Текст книги "Дипломаты"
Автор книги: Савва Дангулов
сообщить о нарушении
Текущая страница: 5 (всего у книги 42 страниц)
12
Все началось с истории весьма обыденной. В городе пошла по рукам книга с описанием жизни румынского первопечатника Иверяну. Петру захотелось ее прочесть. Молодая женщина в железных очках, работавшая библиотекарем на Пушкинской, сказала Петру, что книга есть у одного местного книголюба, и обещала свести с ним. Прошло немало времени, и Петр основательно позабыл о своей просьбе, когда молодая женщина подвела к Петру человека в бархатной блузе с черным бантом. Так одевались в ту пору живописцы или солисты оперы. Но Степан Степанович Королев – так отрекомендовался человек в бархатной блузе – был всего лишь приказчиком в большом рыбном деле. Каждое утро, вернее, на исходе ночи он встречал в порту возвращающихся с уловом рыбаков и закупал рыбу. «Задача нелегкая, – признался Королев, – если учесть, что в порту работаю не я один». Но дело это Королева устраивало – занят он был не больше трех-четырех часов в день, а остальное время мог отдавать книгам и, пожалуй, курам, которыми увлекался немало.

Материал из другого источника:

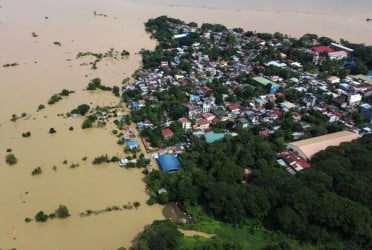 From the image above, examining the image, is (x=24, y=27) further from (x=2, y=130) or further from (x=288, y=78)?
(x=288, y=78)

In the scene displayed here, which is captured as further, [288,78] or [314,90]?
[288,78]

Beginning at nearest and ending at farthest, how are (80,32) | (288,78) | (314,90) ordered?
(314,90) → (288,78) → (80,32)

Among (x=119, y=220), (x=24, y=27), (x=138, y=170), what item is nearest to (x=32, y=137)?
(x=138, y=170)

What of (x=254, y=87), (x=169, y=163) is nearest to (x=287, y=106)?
(x=254, y=87)

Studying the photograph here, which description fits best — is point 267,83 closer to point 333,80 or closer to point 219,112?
point 333,80

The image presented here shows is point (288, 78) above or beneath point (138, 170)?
above

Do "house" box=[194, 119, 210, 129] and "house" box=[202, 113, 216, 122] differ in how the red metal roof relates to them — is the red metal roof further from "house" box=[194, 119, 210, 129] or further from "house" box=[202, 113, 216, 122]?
"house" box=[202, 113, 216, 122]

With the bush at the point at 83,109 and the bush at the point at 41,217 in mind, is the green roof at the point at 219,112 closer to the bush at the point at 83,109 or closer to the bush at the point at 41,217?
the bush at the point at 83,109

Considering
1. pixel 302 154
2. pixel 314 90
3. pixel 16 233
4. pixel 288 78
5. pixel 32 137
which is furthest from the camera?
pixel 288 78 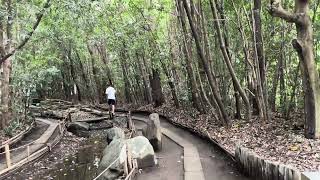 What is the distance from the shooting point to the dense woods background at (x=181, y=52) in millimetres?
13461

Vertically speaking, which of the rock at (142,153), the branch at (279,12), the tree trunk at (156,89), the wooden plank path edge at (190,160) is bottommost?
the wooden plank path edge at (190,160)

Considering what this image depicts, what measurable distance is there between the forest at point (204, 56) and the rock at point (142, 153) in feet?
10.2

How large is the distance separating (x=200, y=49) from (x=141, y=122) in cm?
944

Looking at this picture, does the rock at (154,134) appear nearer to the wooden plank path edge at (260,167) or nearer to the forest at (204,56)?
the forest at (204,56)

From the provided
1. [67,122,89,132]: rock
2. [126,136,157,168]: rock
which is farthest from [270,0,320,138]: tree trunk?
[67,122,89,132]: rock

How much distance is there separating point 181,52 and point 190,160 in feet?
34.5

Степан Степанович вызвался показать Петру книги, и они отправились к новому знакомому Белодеда. Дорога шла вдоль кручи, то поднимаясь, то опускаясь, и Королев часто останавливался, чтобы перевести дух – мучила жестокая одышка. Жил Королев в собственном кирпичном доме. Позади дома стоял обитый жестью сарай с курами. Степан Степанович не держал ни плохих книг, ни плохих кур. В библиотеке было много старых книг на древнеславянском – непостижимо, каким чудом они попали сюда. Вооружившись лупой, Королев близоруко склонялся над раскрытой страницей, рассматривая ее, как ладонь, из которой следует извлечь занозу. Хозяин упросил Петра остаться на обед и весьма церемонно представил жену – женщину краснощекую и деятельную. Она была одета в ярко-белое накрахмаленное платье, которое шумело, когда она двигалась по дому.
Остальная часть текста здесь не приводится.